Attention également à ne pas faire des propositions qui soient en contradiction avec les discours que nous tenons par ailleurs. On ne peut, d’un côté, appeler nos concitoyens à faire des efforts et plaider pour la baisse de la dépense fiscale et, d’un autre côté, déposer des amendements dont l’adoption aurait pour effet d’augmenter cette dépense de 3 milliards d’euros, pour ce qui est de l’amendement n° I-890, et d’au moins une dizaine de milliards d’euros, pour ce qui est de l’amendement n° I-756 rectifié bis : c’est beaucoup !

La commission demande le retrait de ces amendements ; à défaut, l’avis sera défavorable.

M. le président. Quel est l’avis du Gouvernement ?

Mme Amélie de Montchalin, ministre. L’adoption de l’amendement de M. Durox coûterait en effet 3,5 milliards d’euros. Quant à la mesure proposée par M. Fargeot, même si nous n’avons pu la chiffrer exactement, elle coûterait au moins le double, soit plus de 7 milliards d’euros.

Ces amendements soulèvent un débat de fond intéressant : faut-il attribuer des allocations familiales dès le premier enfant ? est-il possible de simplifier fortement notre système ? Les mécanismes actuels sont, en effet, très nombreux et disparates, ce qui est une source d’illisibilité.

On sait que l’un des freins les plus cités par les familles est le logement.

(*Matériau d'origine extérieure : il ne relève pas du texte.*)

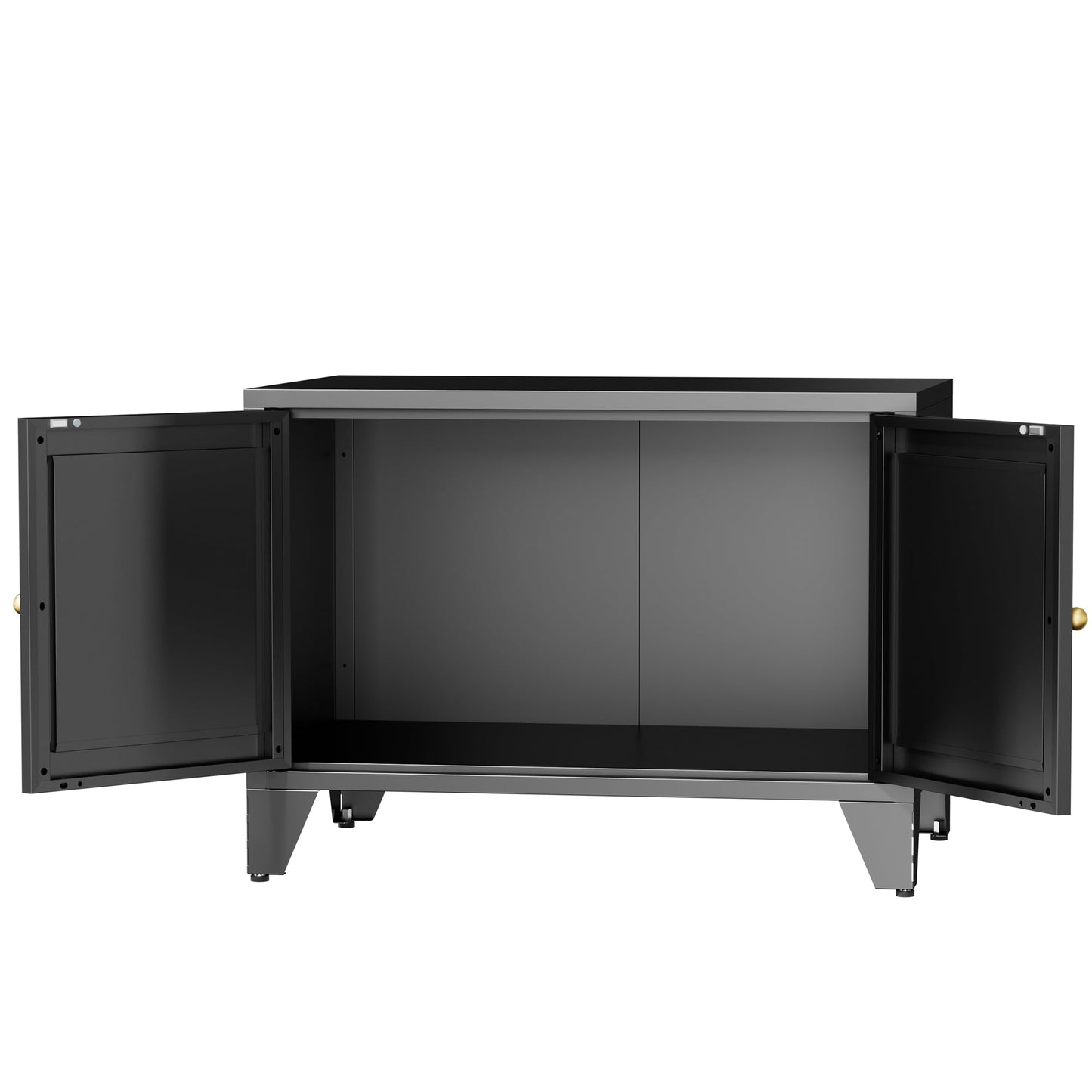 Metal Cat Litter Box Enclosure by HouseOfZazla, black steel cabinet with open double doors on Tampa Home & Garden Store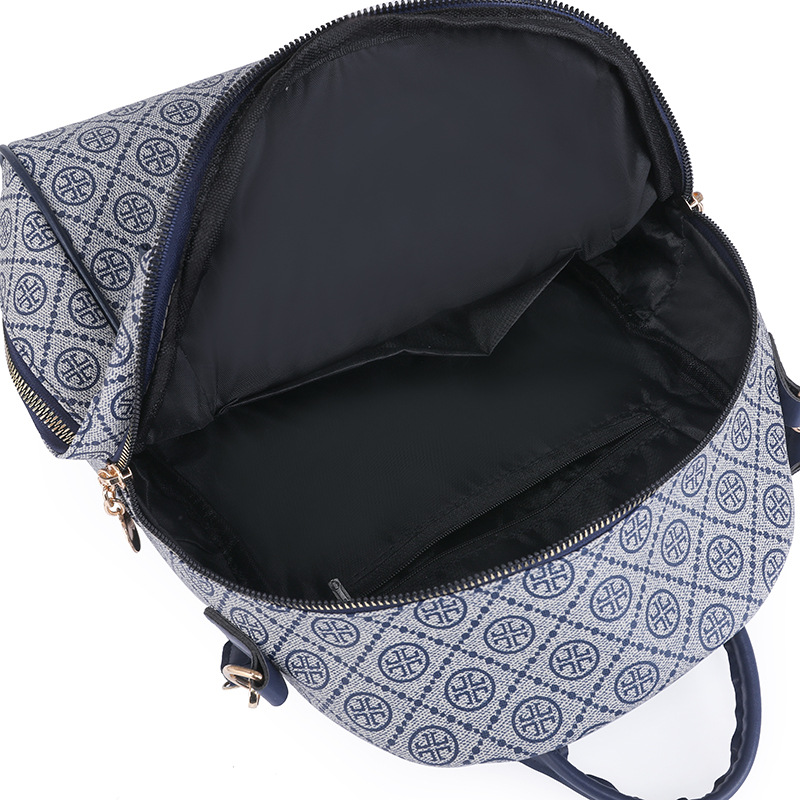 2024 nueva mochila de cuero suave casual para mujer, impresión de moda, color de contraste, mochila de viaje multifuncional de doble uso al por mayor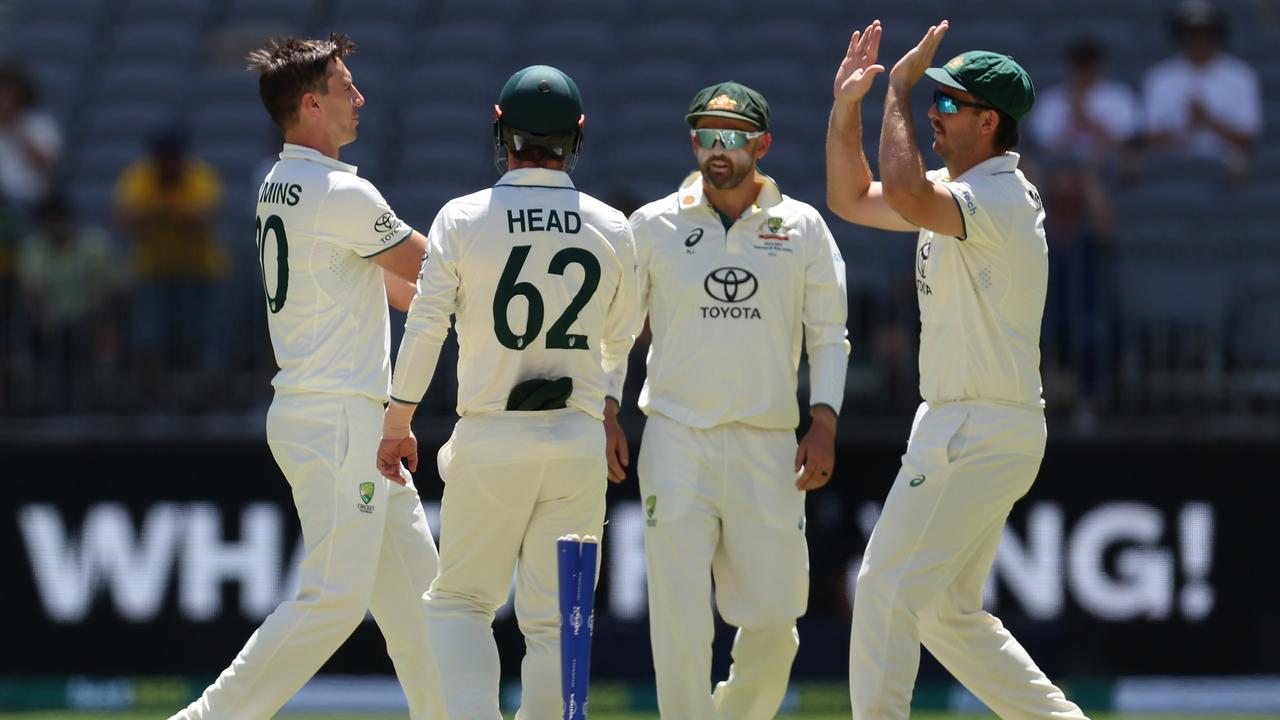 Pat Cummins struck on the third ball of the day. (Photo by Paul Kane/Getty Images)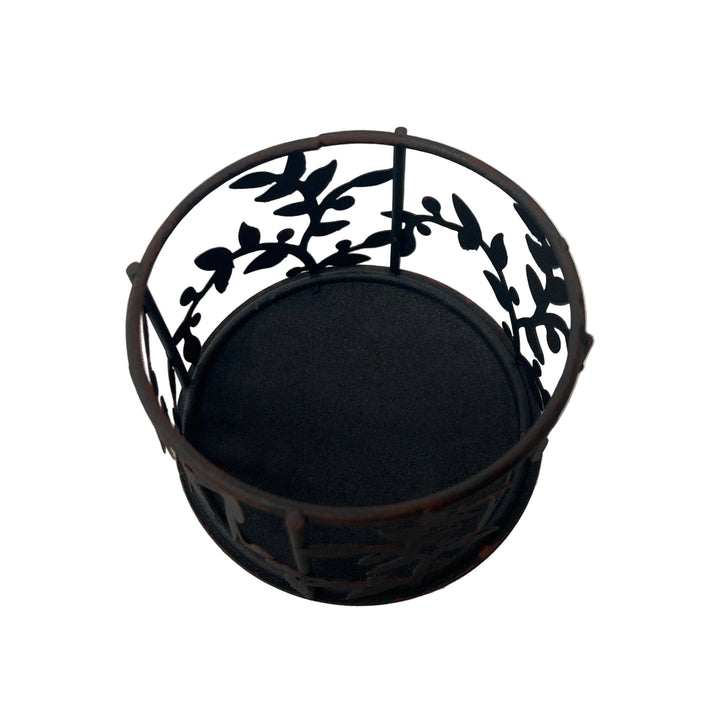 Rustic Black Pillar Candle Holder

Nous aurons l’occasion de débattre, après l’article 12, de dispositions en faveur de la construction, de l’accession à la propriété et de la location, qui me semblent beaucoup plus efficaces pour accompagner les jeunes parents, et ce pour des coûts bien moindres.

Je rappelle que par ailleurs nous créons, dans le cadre du PLFSS, un congé de naissance élargi, afin d’aider les jeunes parents à accueillir de jeunes enfants. L’effort est donc déjà substantiel.

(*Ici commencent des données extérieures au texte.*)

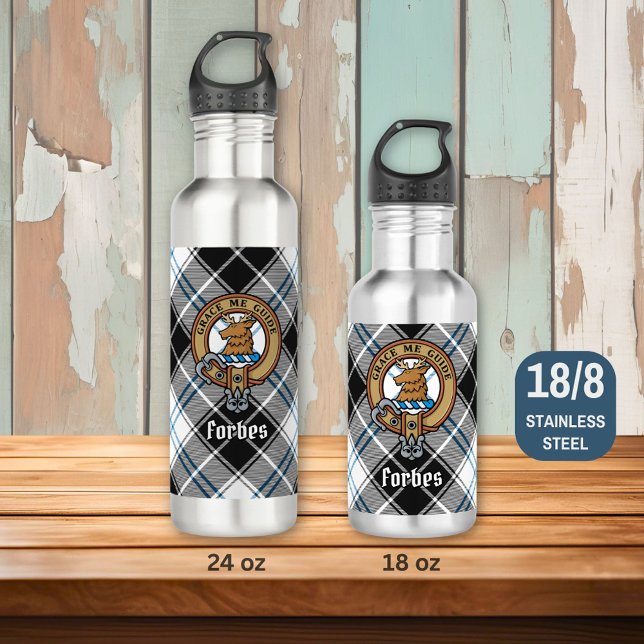 Clan Forbes Crest over Dress Tartan 710 Ml Water Bottle (Creator Uploaded)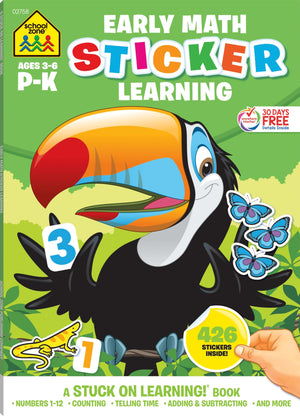 School Zone  Math Stickers Workbook  64 Pages, Ages 3 to 6, Preschool to Kindergarten, 426 Stickers, Counting, Numbers 112, T,New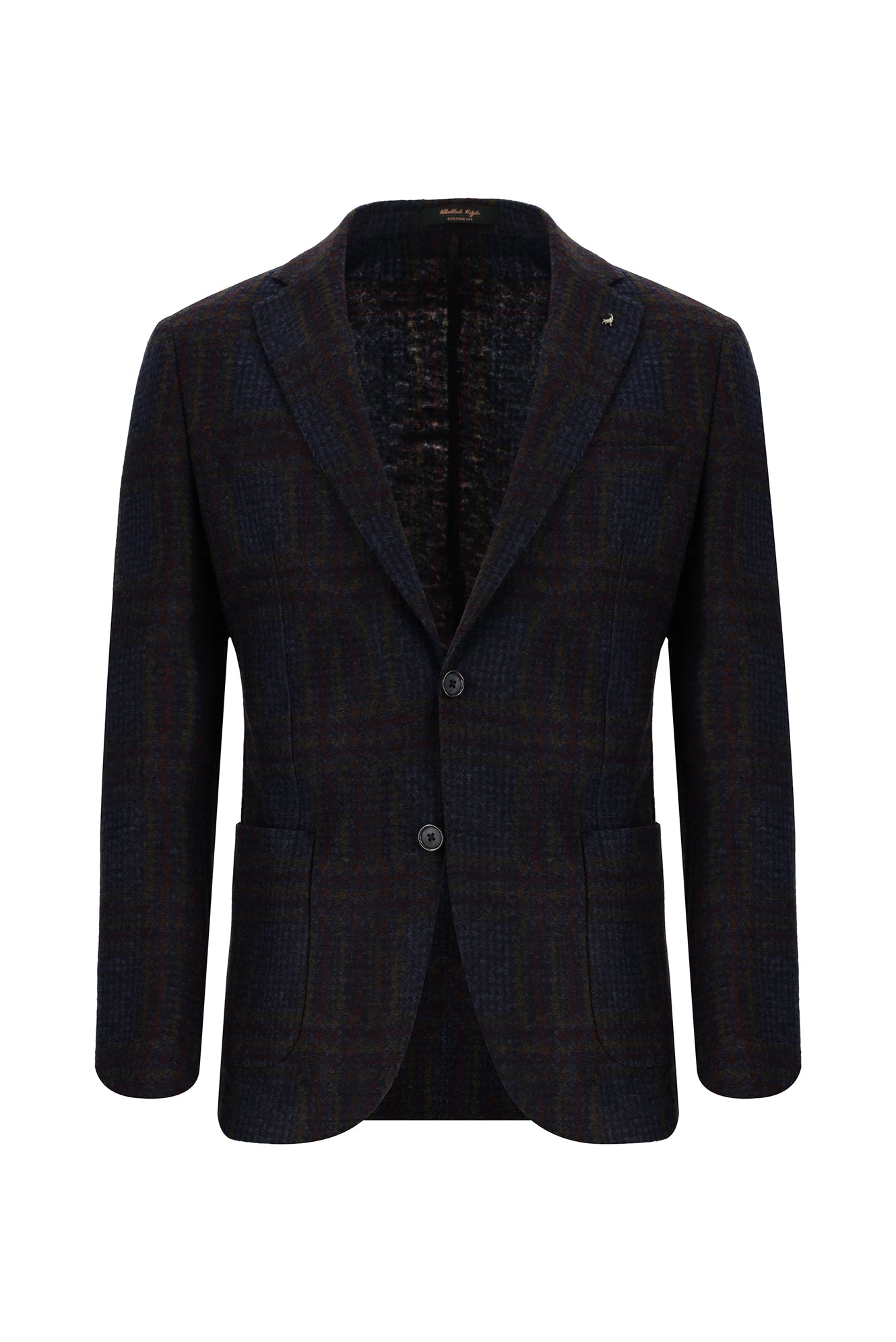 Orta Lacivert Slim Fit Dar Kesim İtalyan Yünlü Ekose Örme Ceket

Demande de retrait ou, à défaut, avis défavorable.

M. le président. Monsieur Fargeot, l’amendement n° I-756 rectifié bis est-il maintenu ?

M. Daniel Fargeot. Je le maintiens, monsieur le président.

J’entends vos arguments, monsieur le rapporteur général, madame la ministre. Je suis néanmoins pour une réforme de la redistribution. Ces milliards d’euros, qui sont contraints, pourraient être repris sur d’autres lignes budgétaires, au profit de la politique familiale.

M. le président. Monsieur Durox, l’amendement n° I-890 est-il maintenu ?

M. Aymeric Durox. Je le maintiens également, monsieur le président.

Je vais vous répondre « à la volée », selon vos propres termes, monsieur le rapporteur général : il s’agit de 3 milliards d’euros, certes, mais l’enjeu n’est rien de moins que de relancer la natalité, même si la fiscalité n’est pas, j’en conviens, le seul élément à prendre en compte en la matière.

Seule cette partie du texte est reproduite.